Lily looked down at herself. “Yes?”
She was wearing purple striped tights, a pink ballet skirt, and Rodney’s old Schrödinger's cat t-shirt. With a pair of pink combat boots.
Normally Rodney didn’t care what the kids wore, so long as all the important parts were covered, but it was picture day at school and those pictures would be sent to all the family. Family who might judge his parenting skills on superficial data points.
“I’m not sure that’s appropriate for picture day,” he said.
Lily shrugged. “I like it. Can you braid my hair?”
“What about the dress with the flowers?”
Lily made the sign for get over it and handed Rodney her brush and a couple of hair ties. Rodney scowled, but gave up arguing since he knew it wouldn’t get him anywhere; Lily could really dig into an argument. Instead he started braiding.
“John! Ten minutes!”
“On it!” John yelled back.
“Pop, can I have some money? There’s a book fair this week.”
“Of course.” Rodney never said no to books, or educational toys. Well, almost. “No sticker books or poster books of boy bands.”
Lily sighed. “That was one time when I was little.”
“You’re ten. You’re still little.”
“Po-op,” Lily whined, dragging the word out in a drawl that echoed John’s. It made Rodney grin despite himself.
“Poppa!” Robbie ran into the living room. He was wearing his cowboy costume from Halloween. “I’m ready!”

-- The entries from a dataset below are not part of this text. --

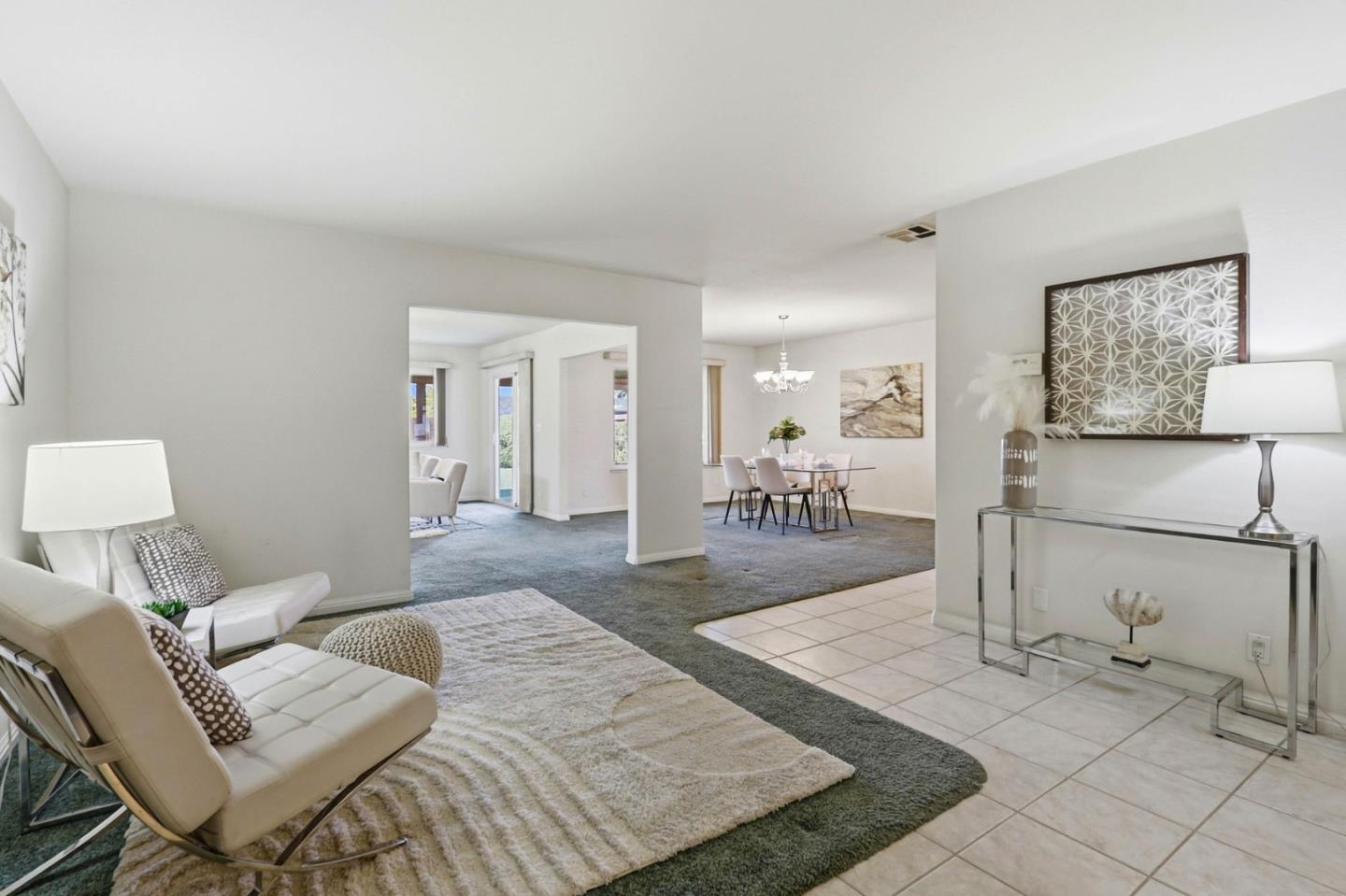 Detail Gallery Image 5 of 40 For 383 Southside Dr, San Jose,  CA 95111 - 4 Beds | 2/1 Baths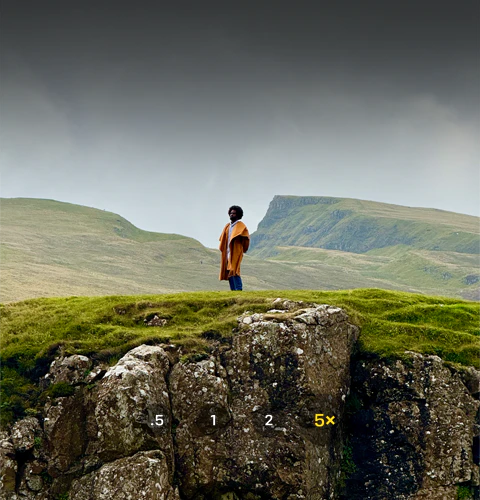 iPhone 15 pro - kamerakvalitet - mand på bjerg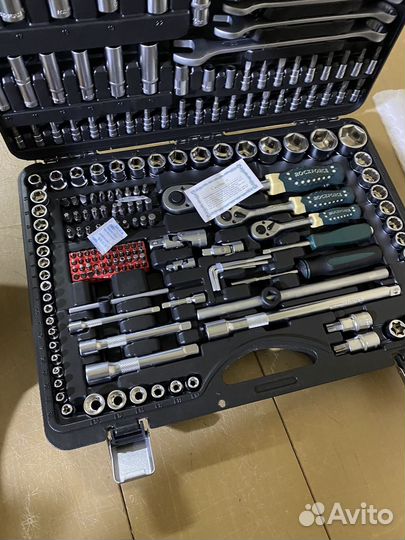 Набор инструментов Rockforce, 216 предметов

“You can’t wear that,” Rodney said.
Robbie’s eyes immediately welled with tears. “But I want it!”
Rodney could feel a headache starting behind his eyes. “It’s picture day.”
Robbie’s lower lip trembled, and two big tears rolled down his cheeks. Another lost argument, because Rodney certainly didn’t want his son going off to Kindergarten with his face blotchy from crying.

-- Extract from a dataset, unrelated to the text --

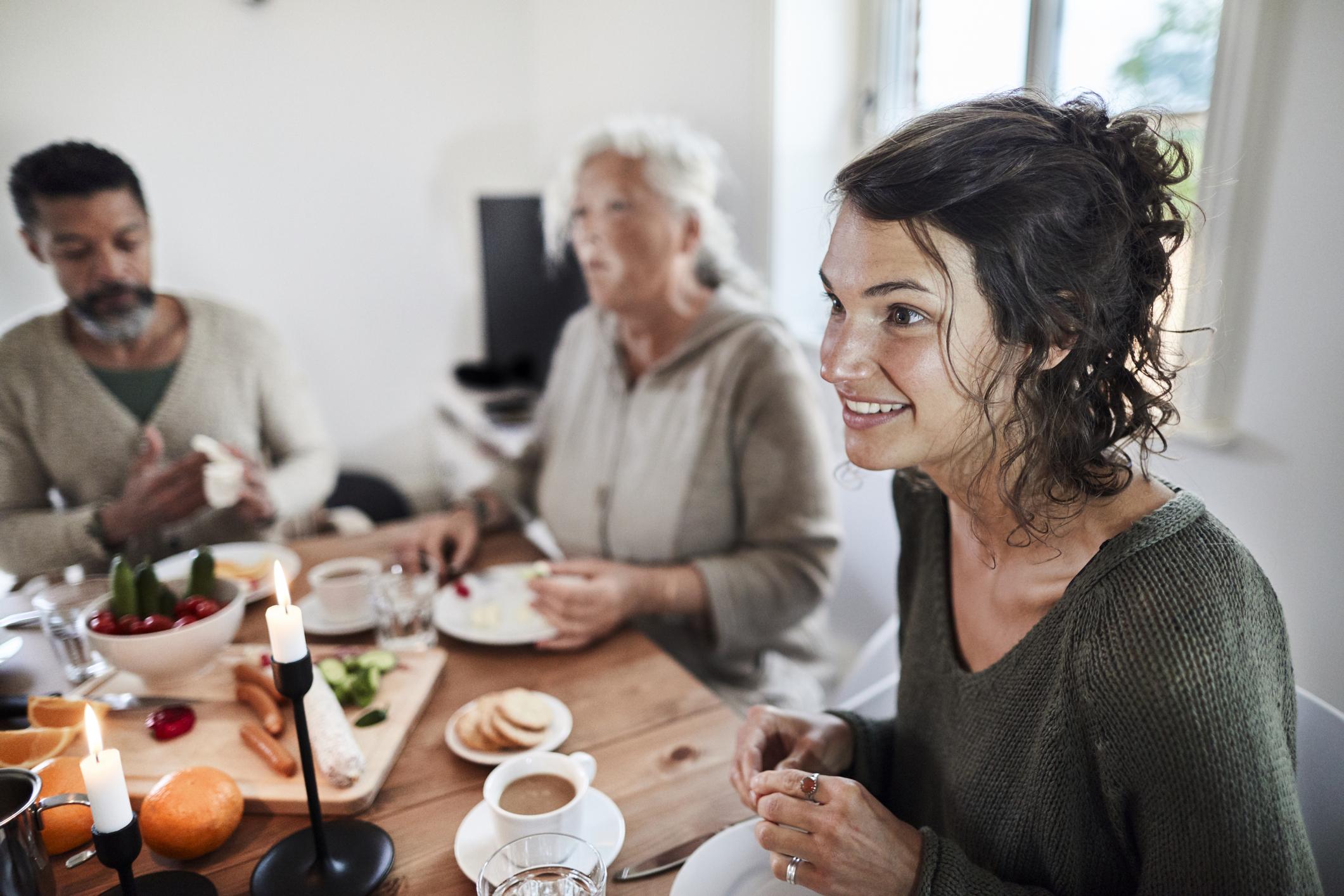 4 Astuces Pour Cacher Sa Grossesse À Ses Proches - Femmes D'aujourd'hui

“Okay,” he said hastily. “You can wear the costume.”
“C’mere, pardner,” Lily said. She pulled Robbie up on her lap and used her thumbs to wipe his tears away. “You look great!”

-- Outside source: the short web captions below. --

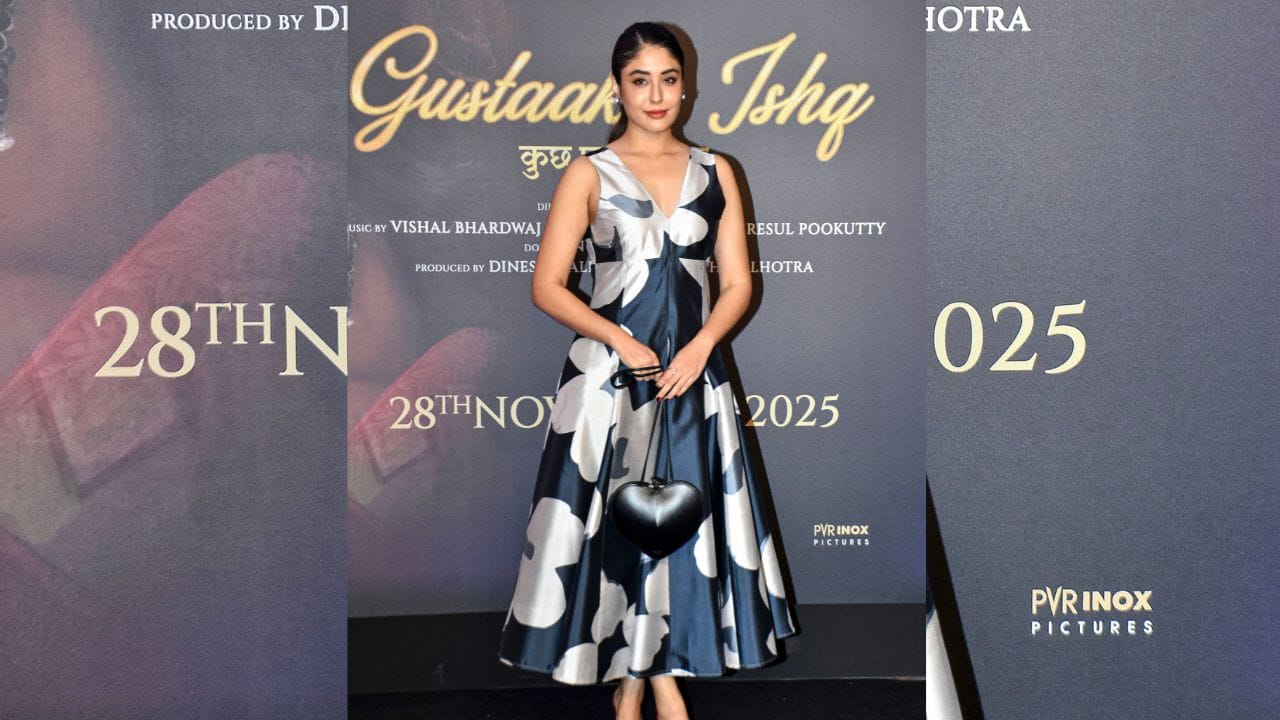 કૃતિકા કામરાનો જન્મ ઉત્તર પ્રદેશના બરેલીમાં એક પંજાબી હિન્દુ પરિવારમાં થયો હતો,તેના પિતા ડોક્ટર હતા અને માતા મધ્ય પ્રદેશના અશોકનગર નજીક સુખપુરમાં શાળાના આચાર્ય હતા.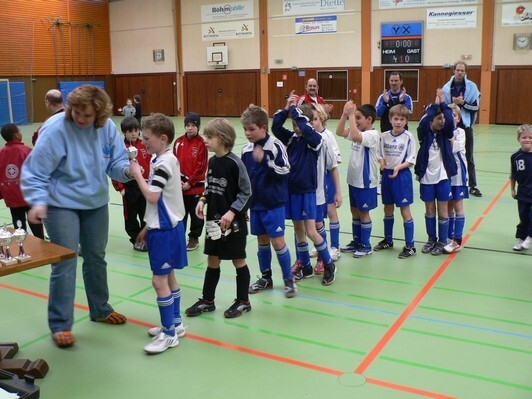 Bild: TurnierHalle2009 27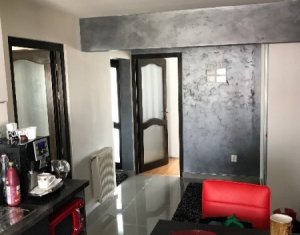 Appartement 3 chambres à vendre dans Cluj-napoca, zone Intre Lacuri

Robbie beamed at her. Rodney and John had never considered, when they decided to have more children, that their offspring would gang up together against them.
“Here we are,” John announced.
He strolled in carrying Leia on his back, and Rodney supposed it was inevitable that she was wearing one of John’s shirts as a dress, belted around the middle with the oversized woven lanyard Lily made at day camp several years ago.
“This is your fault,” Rodney said to John.
“Okay,” John said agreeably.
Lily adjusted Robbie’s cowboy hat. “Pop doesn’t think we look good enough for school pictures.”
“You all look good to me,” John said. He dropped Leia on the couch and helped her tie her shoes. “Originals, every last one of you.”
He was right, of course. Rodney was proud of raising three free-thinkers every other day of the year, just not picture day.
“All done,” he told Lily, handing her back the brush. He’d gotten very good at braids, French, fishtail, and upside down.
“Thanks. Hey, guys, I think Pop needs a group hug.”
In seconds Rodney was swarmed by his children, with John embracing him from behind, and it was hard to feel anything but pleased and grateful.
“It’ll be fine,” John murmured in his ear.
Rodney hugged his kids, and then it was time to gather up backpacks and lunches and herd everyone into the minivan. And maybe they weren’t dressed up and neatly put together for picture day, but they’d look one hundred percent like themselves.
Which was exactly how Rodney wanted them.